Come to think of it, I don't even know how to literally express "take a picture of me" in Chinese without it sounding weird and periphrastic. The usual phrasing for the request in Chinese is just "幫我拍"。Haha, if you asked someone "你可以拍我嗎" they might think you wanted a good slapping. 拍攝 is a more unequivocal verb, but I don't think I've heard anyone say anything like "可以拍攝我嗎?"


----------



## maghanish2

Thanks so much for the helpful response!  It's always great to learn phrases like that that don't have direct translations but are really common.


----------



## BODYholic

viajero_canjeado said:


> Hand me the remote, please. 幫我拿著遙控器。


No, this won't be telling the person to hand you the remote.

If your hands are full and you need to pick your nose, you say "幫我拿著遙控器" so that the person can take over the remote from you.


----------



## viajero_canjeado

BODYholic said:


> If your hands are full and you need to pick your nose, you say "幫我拿著遙控器" so that the person can take over the remote from you.



是喔! 那，"請幫我拿遙控器"可以嗎? 不然呢?

Addition: 而且我翻錯了：用英文應該要說 Grab the remote for me (幫我拿著遙控器). 這樣的話，沒有明確地表示我要人家把remote給我還是只有叫他接手一下因為鼻屎太多了，太吸引人了。


----------



## BODYholic

viajero_canjeado said:


> 是喔! 那，"請幫我拿遙控器"可以嗎? 不然呢?


应该可以吧。至少比“拿着”好多了。但一般我都会说，"请把遙控器拿给我" 或 "麻烦你把遙控器拿给我" 。


----------



## HTOT

BODYholic said:


> 应该可以吧。至少比“拿着”好多了。但一般我都会说，"请把遙控器拿给我" 或 "麻烦你把遙控器拿给我" 。


 
"请把遙控器拿给我" 或 "麻烦你把遙控器拿给我 This sounds natural to me.
I‘ve ever had a classmate who is from FuJian province.She uses"帮”a lot. I think "帮”has the connotation of politeness. It sounds good to me.


----------



## verastar

“誰給你拍了那張照片” is perfectly correct, but I would say "谁给你拍的那张照片"
“請問， 能給我拍張照片嗎？” sounds very natural, I would use this sentence myself.
I think "請幫我拿遙控器" means "Please hold the remote for me" instead of "hand me the remote". "請幫我拿遙控器" is still too vague. I would say "请把遥控器递给我"


----------



## lvwushun

Who took that photo of you?  -  “谁给你拍的那张照片？” or  “谁帮你拍的那张照片？”
Can you take a picture of me?  -  “能帮我拍张照么？” or  “麻烦您帮我拍张照。”

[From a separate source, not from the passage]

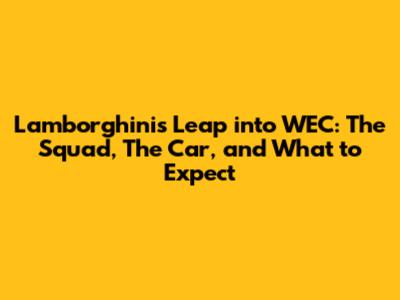 Lamborghini's Leap into WEC: The Squad, The Car, and What to Expect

Who Can tell me How to pronounce the word——“那”？


----------



## maghanish2

Thanks for all your help!  My last question is rearding the sentence 誰幫你拍的那張照片？ 

Is the 的 in this sentences used because of the 是。。。的 construction?  So could I also say the following?  
是誰幫你拍的那張照片？

謝謝！


----------



## xiaolijie

Yes and Yes!
(Another variation of the same: 是誰幫你拍那張照片的?)


----------